Friday, Dec. 29, 2006 | When I publicly criticize government over-compensation of its employees, naturally such employees respond in an effort to rebut my points. Such give and take is essential in any debate.

Recently voiceofsandiego.org ran my letter on the two pensions that San Diego city non-safety employees receive, which combined can easily provide a pension payout equal to 120 percent to 175 percent of their highest salary. Two city employees wrote back to defend their situation.

Great! Let’s consider their arguments.

One letter from San Diego city employee S. Fein asserted that San Diego’s little-known second Supplemental Pension Savings Plan, or SPSP, was started to replace social security. A reminder – SPSP is a 401k-type plan, where the city employees contributions are matched dollar-for-dollar by the taxpayers, up to 6 percent of pay. This pension alone is substantially better than what 90 percent of private sector employees now receive.

Maybe replacing social security was the excuse for this SPSP giveaway, and it is the standard line from city bureaucrats when employees and the press ask about the plan.

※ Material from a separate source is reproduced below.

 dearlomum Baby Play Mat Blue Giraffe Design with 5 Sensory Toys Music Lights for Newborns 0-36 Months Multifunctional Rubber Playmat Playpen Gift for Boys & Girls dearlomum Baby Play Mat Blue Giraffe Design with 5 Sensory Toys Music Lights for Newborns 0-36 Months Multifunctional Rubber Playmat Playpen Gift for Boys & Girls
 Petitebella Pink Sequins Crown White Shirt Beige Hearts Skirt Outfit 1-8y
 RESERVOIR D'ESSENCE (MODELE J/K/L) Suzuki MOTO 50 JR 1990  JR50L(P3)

But the city was NOT required to set up a second pension in order to withdraw from the social security system.

In 1982, the city was able to get out of paying into social security because it had the regular defined benefit city pension plan already in place. Almost every city and county has chosen that route, opting out of social security. But there was no need for the city to start up the second SPSP pension program.

Think I’m making this up? Consider. The San Diego police and firemen have no second pension. The San Diego County employees have no second pension. Neither do the employees of Escondido, Poway, El Cajon, La Mesa, Oceanside, San Marcos, Vista, National City, or Chula Vista. Indeed, I don’t know of any other California government entity providing two pensions as does San Diego, including the state government itself. And none of these employees pay into social security.

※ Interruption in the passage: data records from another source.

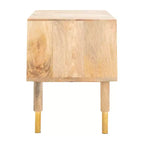 Banc de rangement 2 tiroirs avec coussin, blanc cassé, entrée et chambre à coucher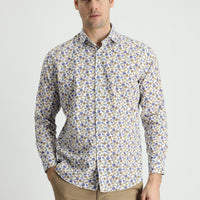 White Long Sleeve Slim Fit Printed Cotton Sport Shirt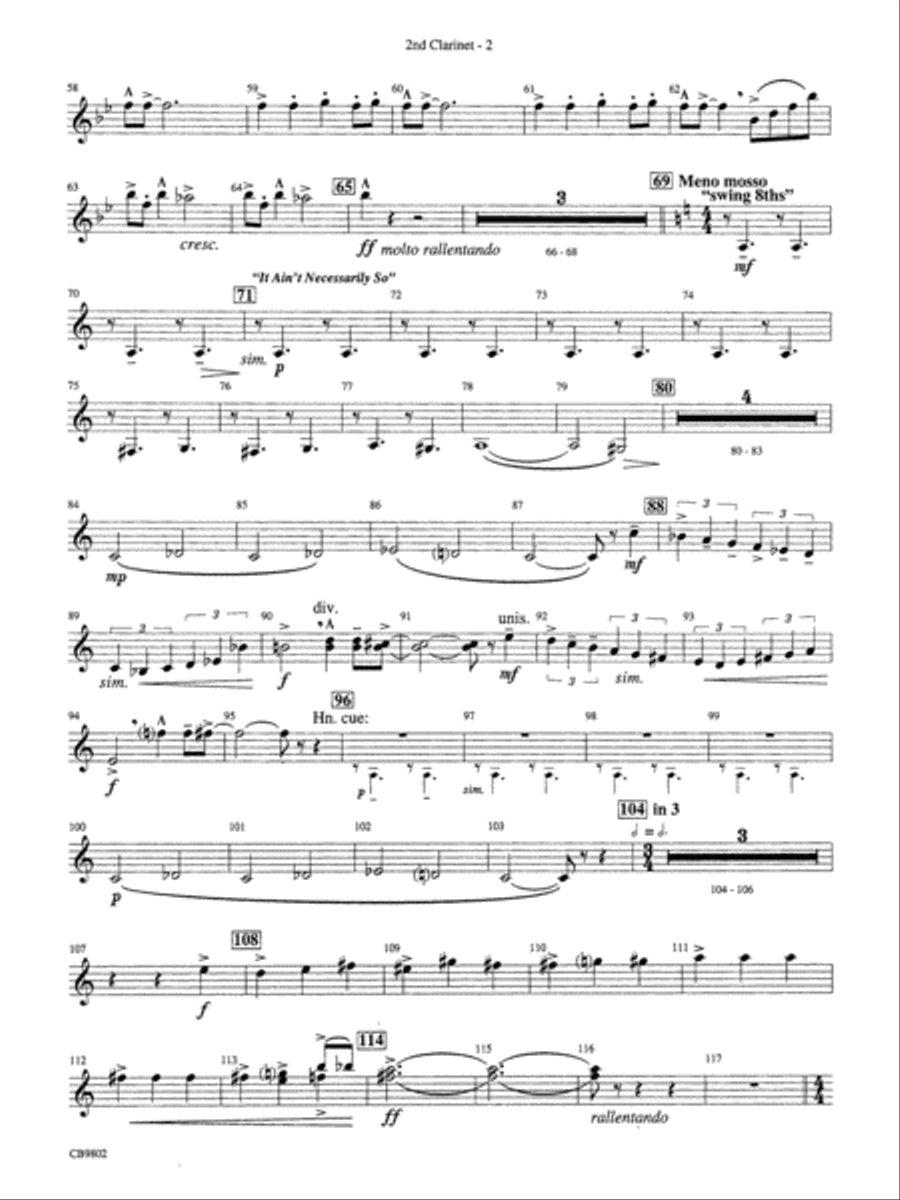 Porgy and Bess® (Medley): 2nd B-flat Clarinet Concert Band scores gallery preview page 2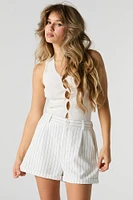 Short à revers roulé et taille élastique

Another letter from city employee L. Canning wrote that he “was actually chortling at Richard Rider’s assumption of 3 percent a year [pay increases].” He figures he gets far lower pay increases. Of course, “figure” is not the right word – he didn’t figure it out at all.

City employees get at least three types of pay increases, piled one on top of another:

1. Annual pay increases – often mislabeled “cost of living increases.” These are the increases that Canning doubtless is referring to, which indeed might not average 3 percent a year.

2. Step-rate increases. Funny how too many government employees seem to forget that they get step increases in their pay, based strictly on seniority – not on job performance. Such automatic step increases are rare in the private sector.

Perhaps they forget about these increases because they get them so quickly after taking a city job. Unlike step increases for teachers and federal employees, the city’s increases usually are all bunched in the first three years of holding the job, which works out better since one reaches higher pay levels much more quickly. These rapid, automatic step increases are based strictly on seniority, with job performance a nonfactor in each raise.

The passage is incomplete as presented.